Multivariable Log problem

[bktheking]

Having some trouble figuring out how to go about this problem.

Let log_b 2 = a and log_b 4 = c. Find log_b 8b⁴

It wants the answer in terms of the variables a, b, and a number e.g 3a + 4 or 3(a + b).

I tried expanding log_b 8b⁴ using several properties of logs but fail to obtain an answer every time.
I just wanted to see if someone could give me some insight on how to go about this. Thanks in advance.

 

[soroban]

Hello, bktheking!

You were on your way . . . Why did you stop?

\(\displaystyle \text{Let }\log_b(2) = a\,\text{ and }\,\log_b(4) = c.\;\;\text{ Find }\log_b(8b^4)\)

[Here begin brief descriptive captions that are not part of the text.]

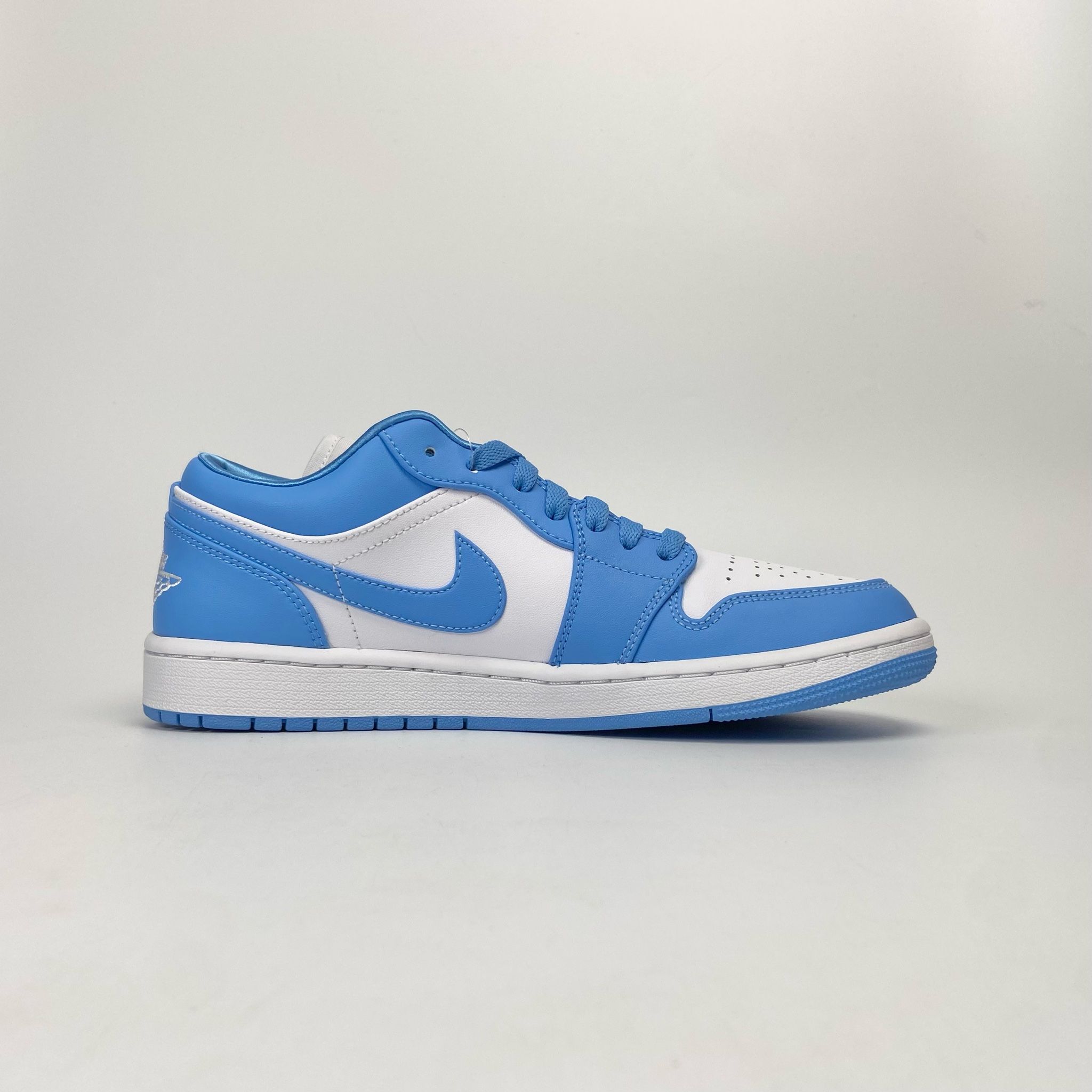 NIKE AIR JORDAN 1 LOW UNC AO9944-441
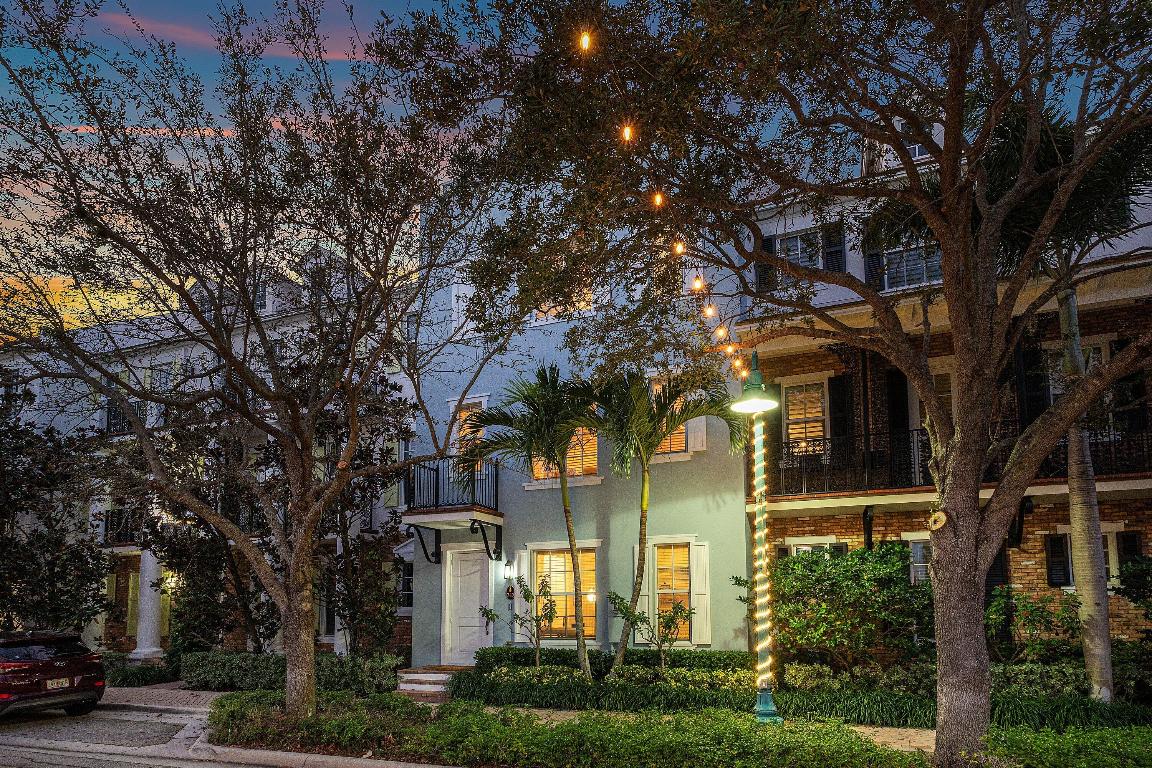 343 E Cannery Row Circle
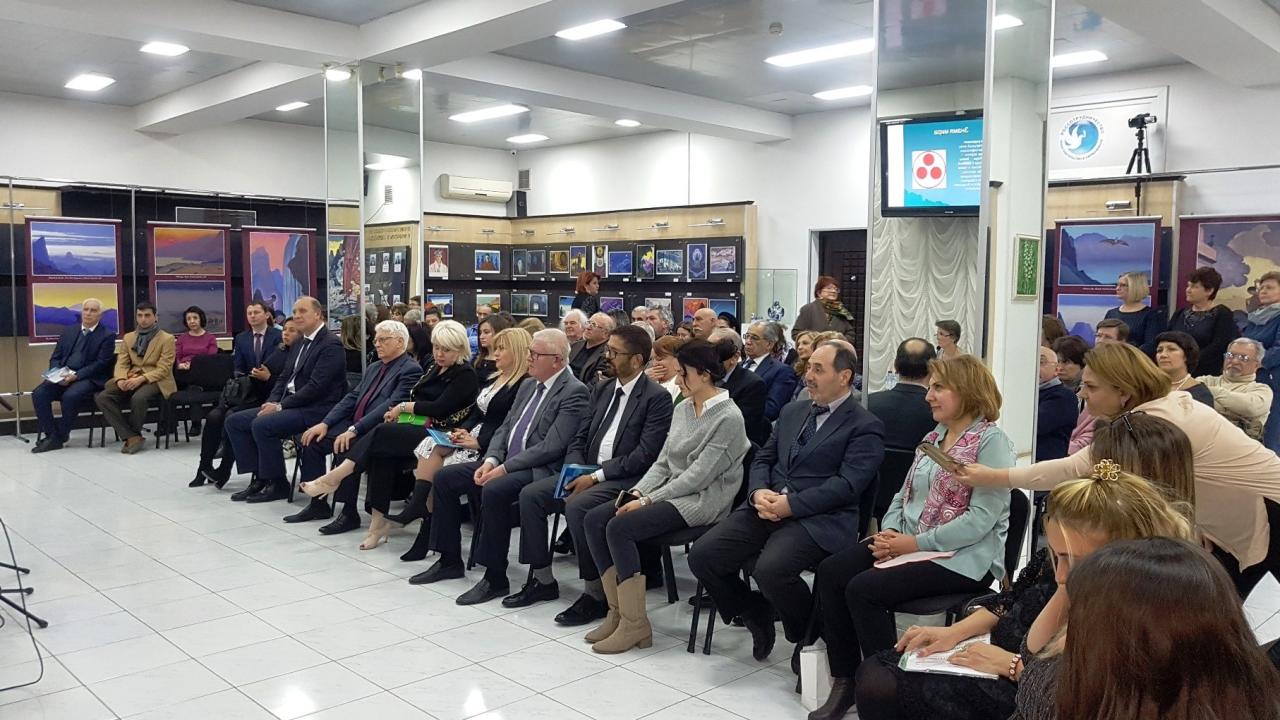 В Баку открылась выставка "Пакт Рериха – мир через культуру"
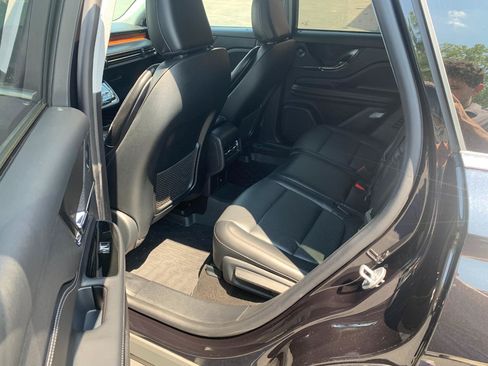 Used 2021 Lincoln Corsair Reserve AWD/4WD image 12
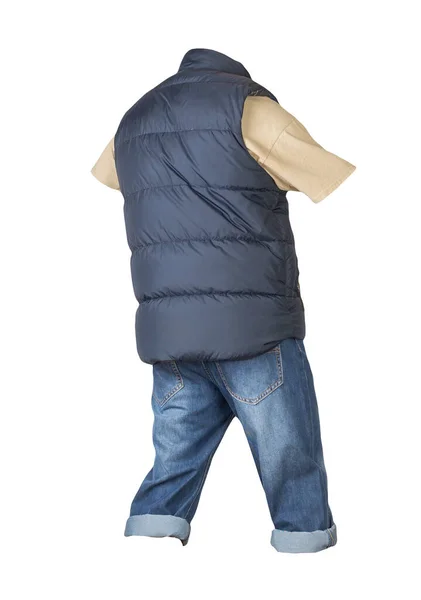 デニムダークブルーのショートパンツ ベージュのTシャツ ダークブルーのジャケット — ストック写真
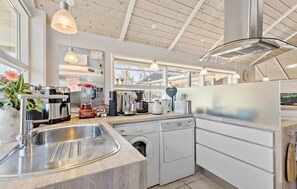 Kjøleskap, ovn, oppvaskmaskin og kaffetrakter/tekoker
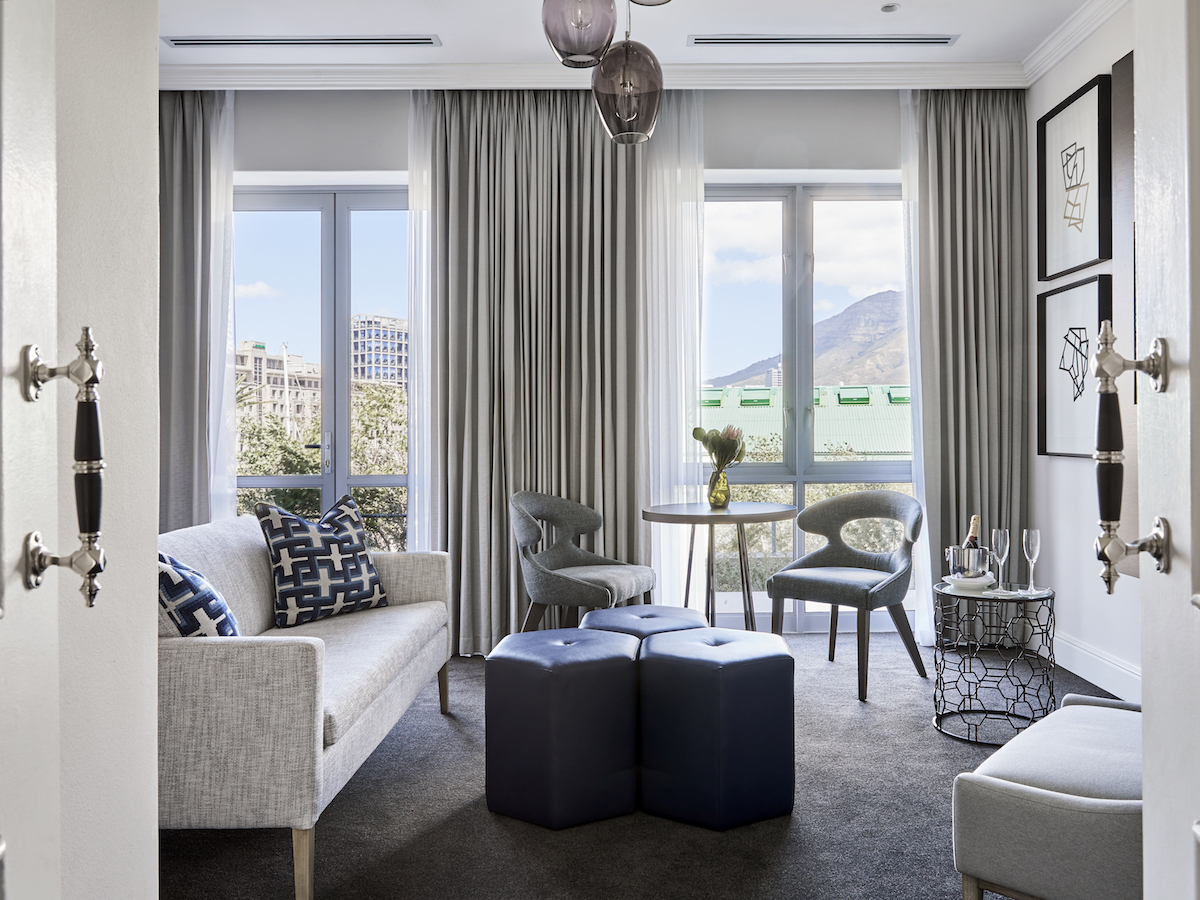 The Manor House thumbnail 3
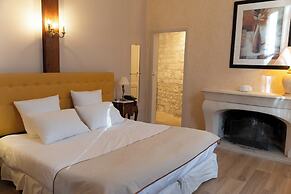 Brit Hotel Chinon le Lion d'Or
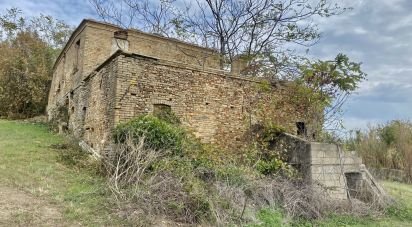 Rustico 4 locali di 165 m² in Controguerra (64010)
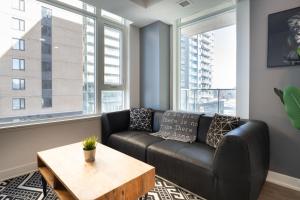 ein Wohnzimmer mit Sofa und Tisch in der Unterkunft The Lennox Pet Friently 2 Bedroom Rental in Ottawa 613 in Ottawa + 33 Fotos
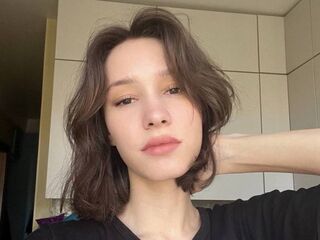 kinky webcam model LavondaAlvizo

\(\displaystyle \log_b(8b^4) \;=\;\log_b(8) + \log_b(b^4)\)

. . . . . . . .\(\displaystyle =\;\log_b(2\cdot4) + 4\underbrace{\log_b(b)}_{\text{This is 1}} \)

. . . . . . . .\(\displaystyle =\;\log_b(2) + \log_b(4) + 4\)

. . . . . . . .\(\displaystyle =\;a + c + 4\)

 

[pka]

Having some trouble figuring out how to go about this problem.
Let log_b 2 = a and log_b 4 = c. Find log_b 8b⁴

You know that \(\displaystyle \log_b(8)=a+b\). WHY?
Moreover, \(\displaystyle \log_b(b)=1\)

 

[bktheking]

You were on your way . . . Why did you stop?

Thanks for you quick reply! I stopped because I forgot log_b b was equal to 1.

You know that

. WHY?

Because log_b(xy) = log_bx + log_by. I also think you meant log_b (8) = a+c, correct?

One last thing I wanted to be sure of:
If you look at my original post, it said the answer had to be in terms of the variables a and b (not c). I did the problem again and got the answer 3a + 4,
because a+c = log_b 2³ > 3log_b2, correct?